**PROBLEM TO WORK ON**
An exact copy of all the data below is needed, without its pictures.

<<<<

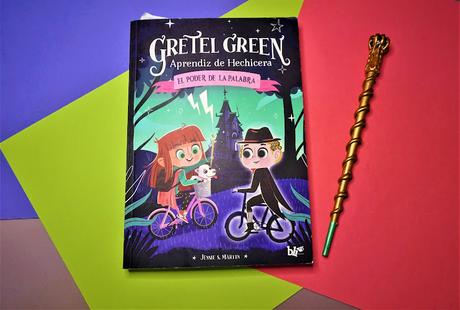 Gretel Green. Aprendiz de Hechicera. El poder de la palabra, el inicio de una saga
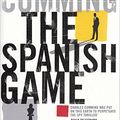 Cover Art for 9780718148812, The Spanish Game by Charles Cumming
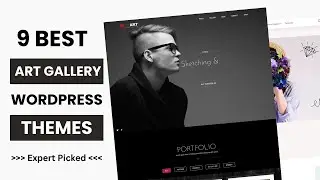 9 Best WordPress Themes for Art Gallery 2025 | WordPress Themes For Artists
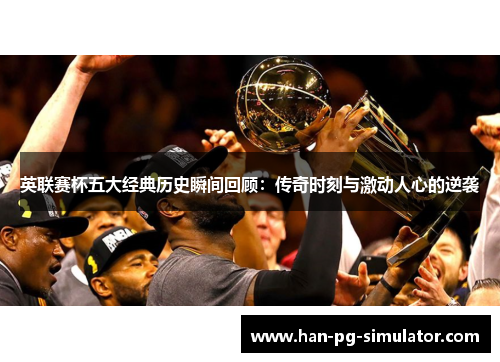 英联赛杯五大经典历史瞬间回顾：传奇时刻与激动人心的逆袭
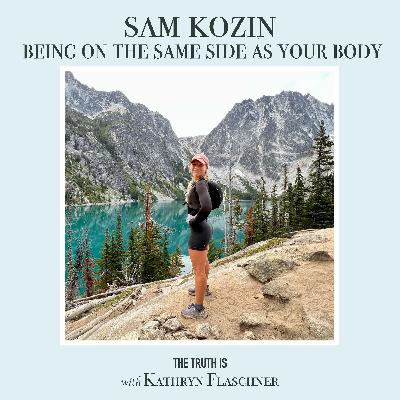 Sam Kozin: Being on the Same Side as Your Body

>>>>

**ANSWER BOX**
 Gretel Green. Aprendiz de Hechicera. El poder de la palabra, el inicio de una saga
 Cover Art for 9780718148812, The Spanish Game by Charles Cumming
 9 Best WordPress Themes for Art Gallery 2025 | WordPress Themes For Artists
 英联赛杯五大经典历史瞬间回顾：传奇时刻与激动人心的逆袭
 Sam Kozin: Being on the Same Side as Your Body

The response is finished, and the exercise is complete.